Most seniors want to stay in their New York City home and hold onto their independence for as long as possible. In fact, according to 2012 The United States of Aging Survey, about 90 percent of senior respondents had the intention of staying in their homes for the foreseeable future—or at least five to ten years.
Of course, life has a way of throwing a big ol’ wrench in our plans. As we age, our health, coordination, and mental faculties deteriorate. Simple acts we used to do with ease are all of a sudden much more complicated, and navigating your home begins to take a little more time. That’s why if you want to age in place, it is essential to prepare your home by making modifications that assist with accessibility and mobility as you grow older. Making renovations and preparations ahead of time allows you to continue living in your home while also catering to your needs as an aging senior.
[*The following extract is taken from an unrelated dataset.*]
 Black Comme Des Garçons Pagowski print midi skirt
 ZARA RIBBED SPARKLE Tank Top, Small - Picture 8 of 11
Bathroom Safety for Seniors
The kitchen may seem like the most dangerous spot in the house with its knives and fire hazards, but believe it or not, most household accidents happen in the bathroom. In fact, The New York Times called the bathroom “the most dangerous room in the house” in a 2011 write-up. Many falls happen in the bathroom because of moisture and slick surfaces. Falls are one of the biggest threats seniors face and are the “leading cause of fatal and nonfatal injuries for older Americans.”
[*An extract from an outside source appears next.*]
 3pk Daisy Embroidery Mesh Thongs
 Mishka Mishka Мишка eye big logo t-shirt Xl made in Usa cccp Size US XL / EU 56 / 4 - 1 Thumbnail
To help keep seniors safe, there are various modifications one can make in the bathroom:
- Install a handheld showerhead and bench in bathtubs that make bathing simpler. Avoid taking baths that involve getting down and up in the tub.
- Grab bars give you something to hold on to when you need to get up. Place one by the toilet and one by your shower bench. It also doesn’t hurt to put one on the wall just in case.
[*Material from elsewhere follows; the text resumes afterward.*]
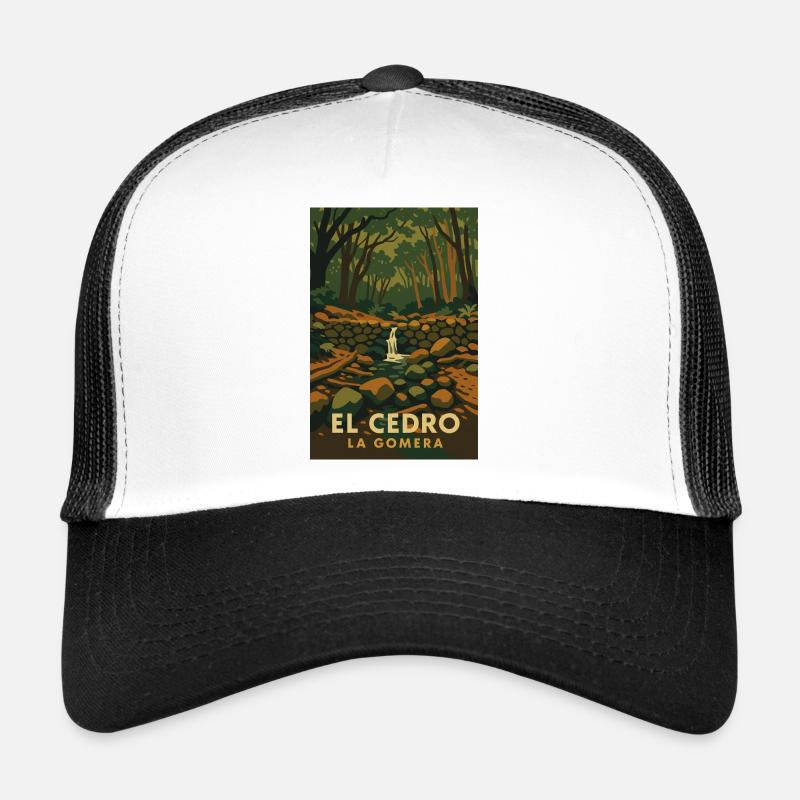 Cedro La Gomera - Trucker Cap - Weiß/Schwarz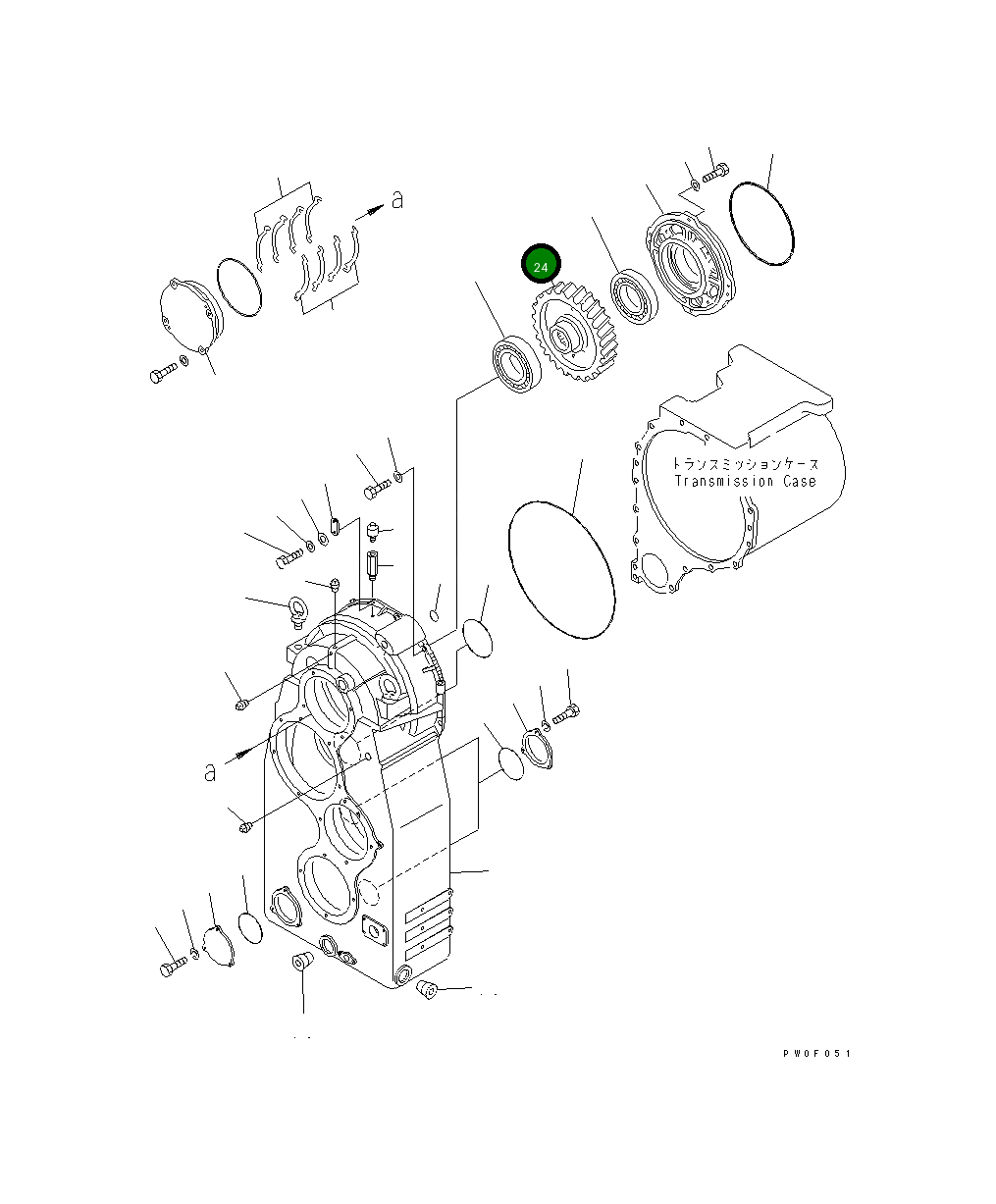 Шестерня 426-15-13213 Komatsu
- Nonslip surfaces are your friend. You can find decals that help with traction or replace your current floor material with something that is slip free.
More Home Safety Tips for Seniors
Even if you aren’t in a wheelchair or use a walker, getting up and down stairs becomes more difficult as we age. Consider installing safety ramps over steps to make them easier to navigate. As our eyesight deteriorates, it can become harder to read labels on store-bought items. Buy a label maker that prints large, bold lettering and start to label items yourself, so you always know what you have. Aging causes a decrease in circulation as well as fat loss that make us feel cold more often. Help keep your heating bills down while staying comfortable by having your home re-insulated, and your windows and doors sealed to ensure air isn’t leaking in or out.
The Other Option
If making all the modifications you need cost a small fortune, or your house is too large for you to handle, there is always the option of finding a new home. Many seniors choose to downsize where they live as they age, so they have less to maintain and a smaller space to navigate. This can also be a chance for you to relocate to a place you’d rather be—like closer to grandchildren! Talk to your family about the options available when making this big decision. To get an idea of what it might cost to buy a new home, review listings online or contact a buyer’s agent in your area.
Most people want to stay in their own home as they age, but sometimes the home we have isn’t ready for the challenges of growing older. Making modifications ahead of time helps those who want to age in place, but if your New York City house or apartment is too much to maintain, it may be worth it to downsize and find a new home.